The speaker also acknowledges the importance of language in expressing human emotion. In the speaker’s description of “Words wrapped round your tongue today / And broken to the shape of thought” (Lines 13-14), the speaker narrows his earlier focus from speaking of language as a broad natural phenomenon to depicting the very personal uses a language can have for the individual. For an individual, words are the means of expressing private “thought,” so that others can also know what one is thinking or feeling. The speaker also mentions the use of song in human society as a means of expressing emotion, in the lines “Sing—and singing—remember / Your song dies and changes” (Lines 19-20), suggesting that although they may be ephemeral by nature, songs are still an essential way of providing emotional release and deepening human bonds. Music also becomes an important form of language, and just like words, can transcend the individual experience to become something communal and unifying.

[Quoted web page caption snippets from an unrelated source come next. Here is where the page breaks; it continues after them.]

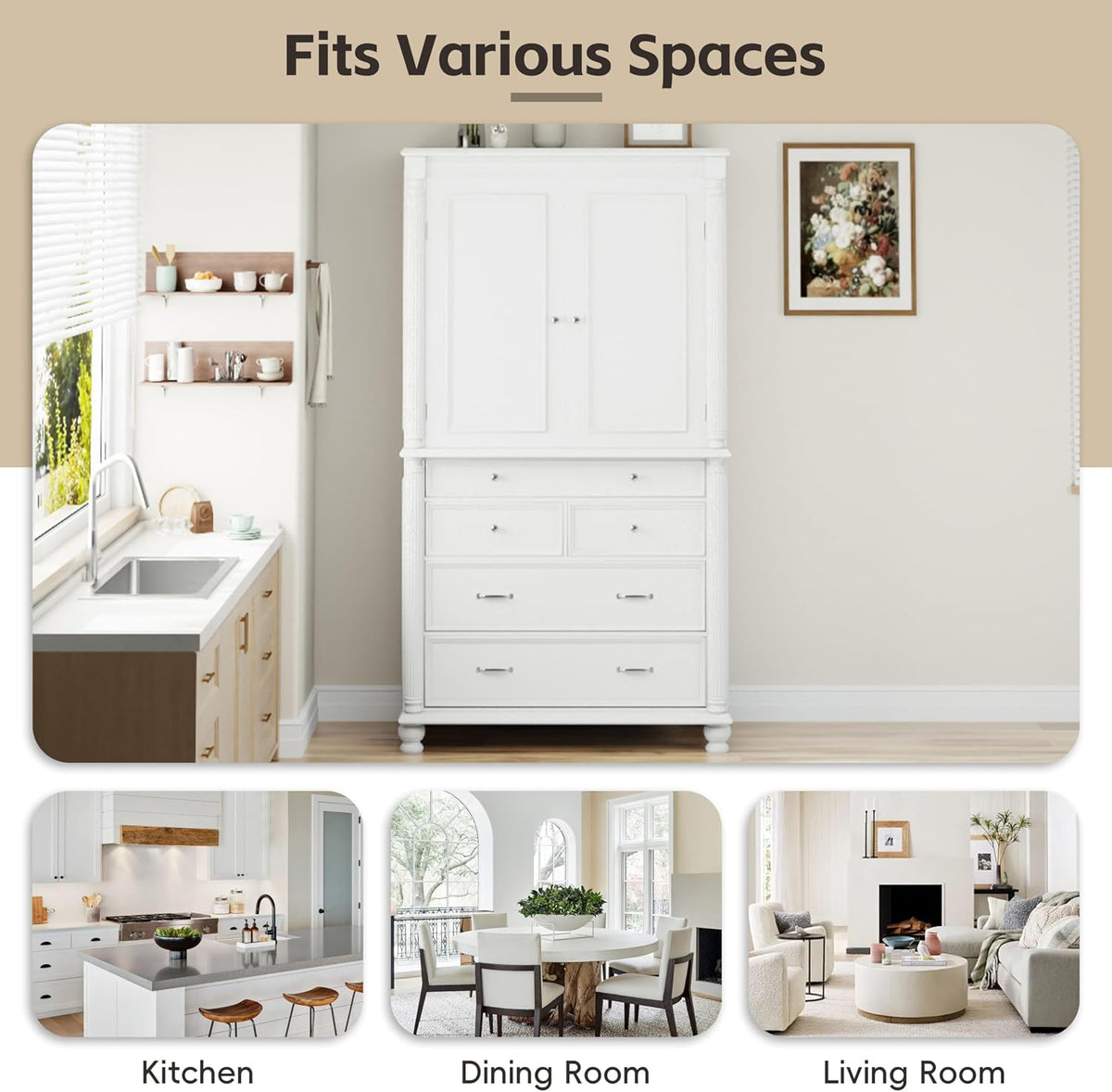 Freestanding 77.3" Tall Storage Cabinet, Wooden Pantry，White | Retro Large Kitchen Pantry, 2 Adjustable Shelves, 5 Drawers, 6 Door Shelves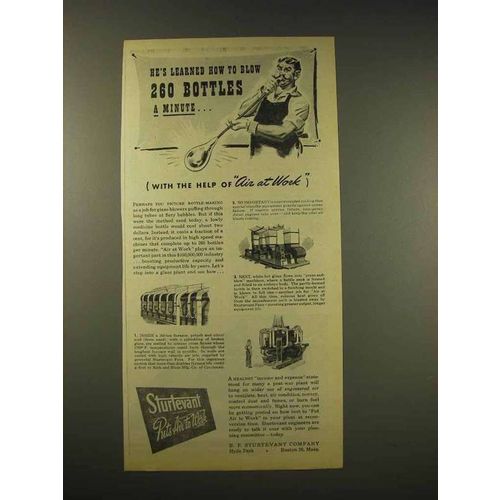 1944 Sturtevant Air and Heating Ad - Blow 260 Bottles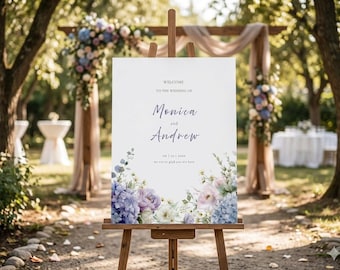 Modèle de plaque de bienvenue hortensia bleu, plaque de bienvenue de mariage floral violet 18 x 24, modèle de toile modifiable, affiche de bienvenue jardin aquarelle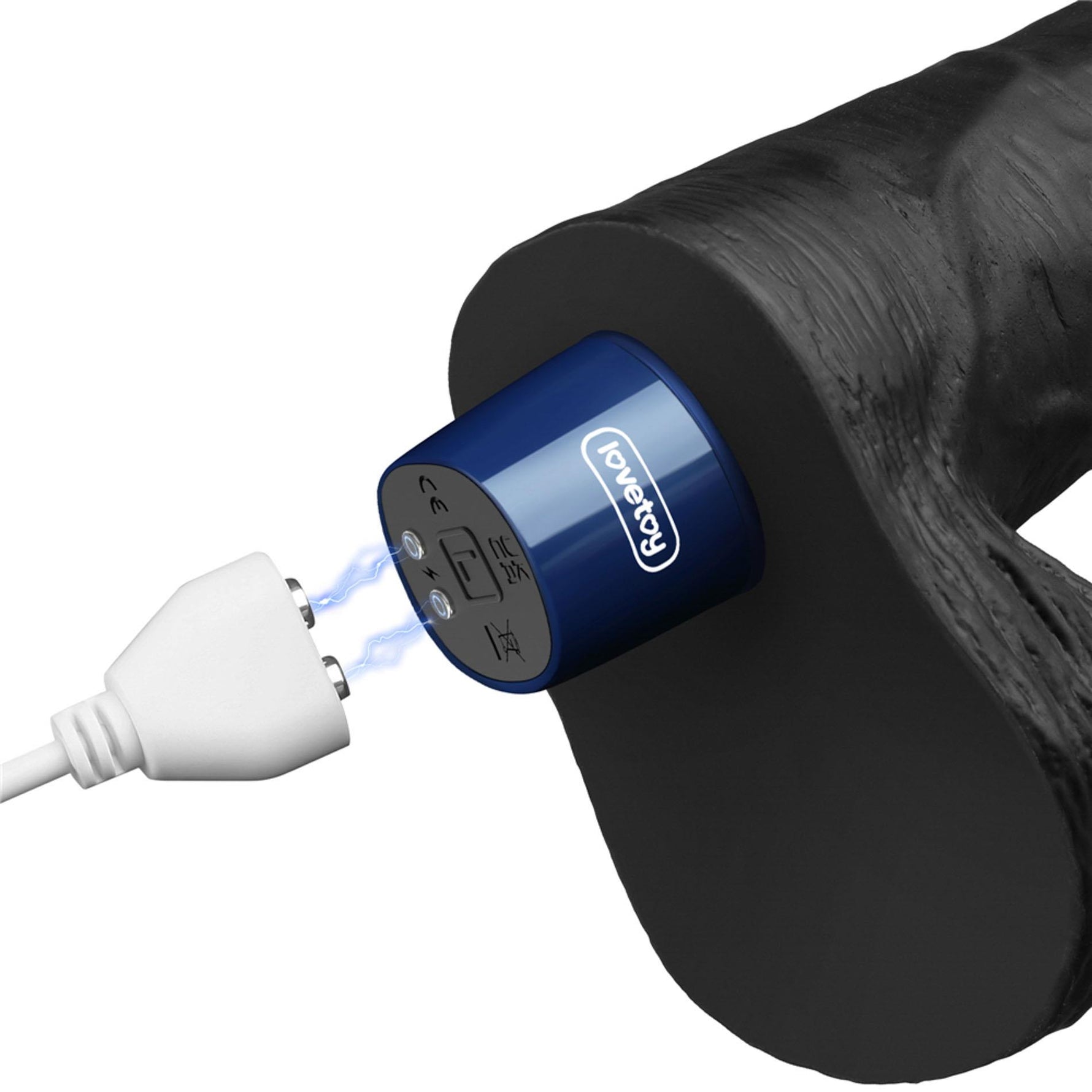 Dildo vibrant realist Lovetoy Real Softee, negru, USB, 23 cm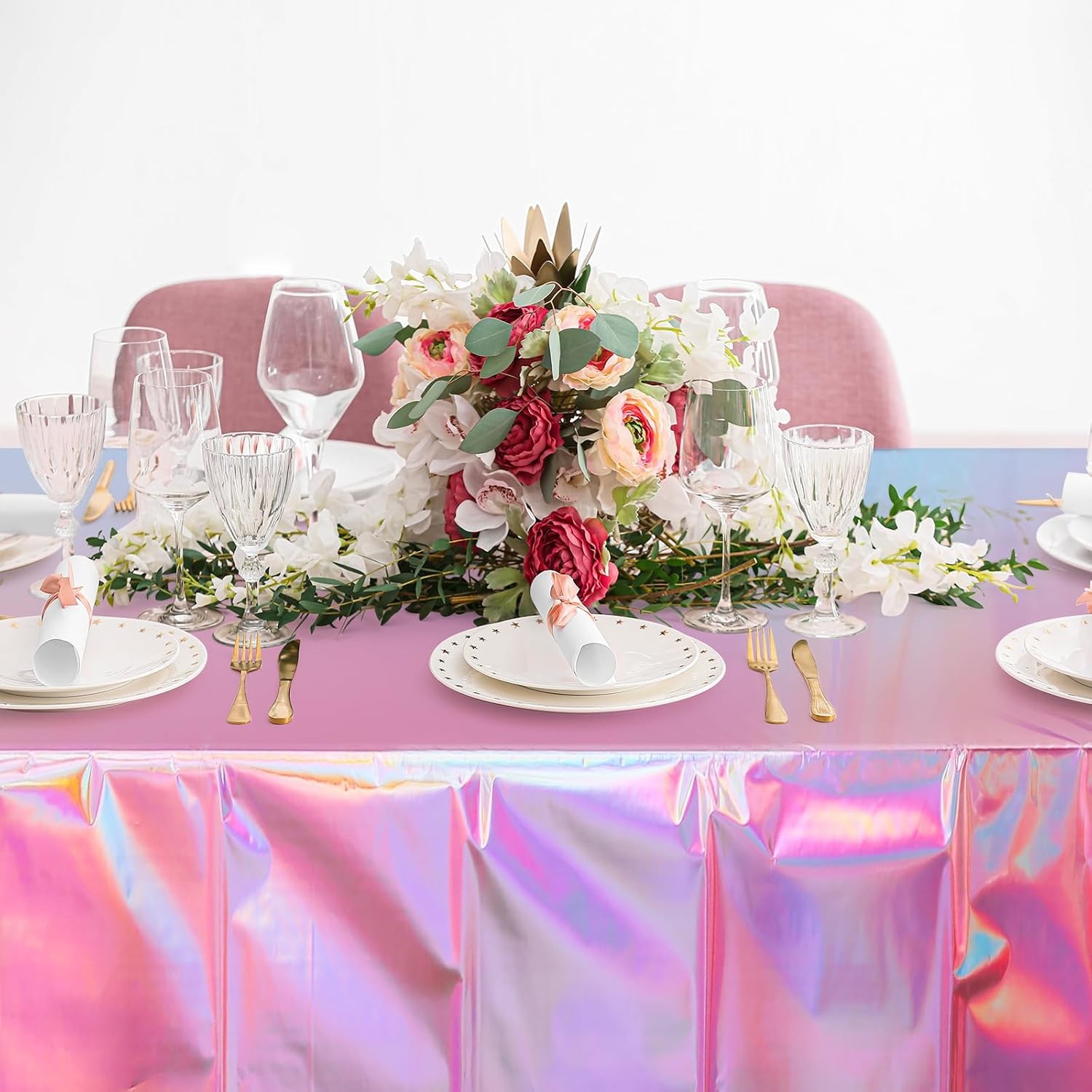 4 Pack Iridescent Pink Plastic Tablecloths, Shiny Disposable Laser Rectangle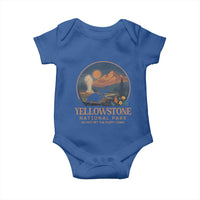 Yellowstone National Park Do Not Pet The Fluffy Cows Baby Onesie Amusing Bison Encounter Campsite Toss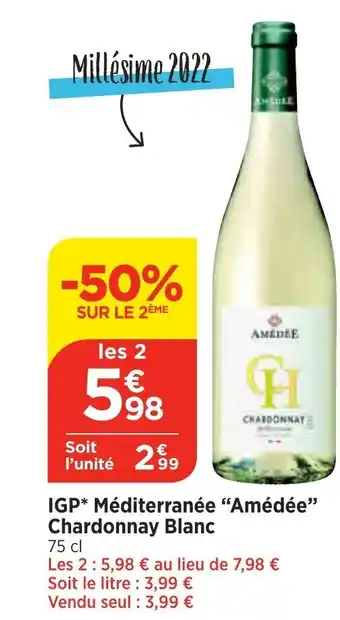 Bi1 IGP Méditerranée "Amédée" Chardonnay Blanc offre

While the speaker celebrates the ability of language to connect diverse peoples and places, he also repeatedly stresses the unstable and ultimately doomed life cycle all languages have. The fluid and dynamic nature of language is also its undoing: because “There are no handles upon a language” (Line 1), there are no means by which humans can guarantee its permanence. The inability of humans to truly “take hold of it [language]” (Line 2) means that languages are never fully regimented or controlled, even while in active use, and their mutability ensures that they will eventually die out for some reason or another. In comparing language to a “river” (Line 4) and to “mountain effluvia” (Line 8), the speaker depicts language as something that is inherently transient, which is why “Languages die like rivers” (Line 12) and are replaced by other languages. The speaker’s closing comparison of human song vanishing like “the wind / Blowing ten thousand years ago” (Lines 22-23), is the poem’s final reminder that languages cannot last forever, regardless of how important they may have been at one time.
Finally, it is also worth noting that the speaker does allude to the use of writing as a potential means of preserving language. The speaker mentions how the words that may be “wrapped round your tongue today / And broken to the shape of thought” (Lines 13-14) as a living, spoken language will one day be reduced to “faded hieroglyphics / Ten thousand years from now” (Lines 17-18). While the speaker’s reference to the written form of language may at first seem to challenge the poem’s overall thesis—as a written form would suggest that languages can be made permanent—the speaker’s choice of script is instructive: “hieroglyphics” (Line 17) did indeed preserve the language of Ancient Egypt in some form, but the knowledge of how to read the script was actually lost for many centuries, rendering the language unintelligible for many generations. Therefore, the speaker’s reference to “hieroglyphics” (Line 17) is a reminder that even writing is no guarantee of a language’s survival.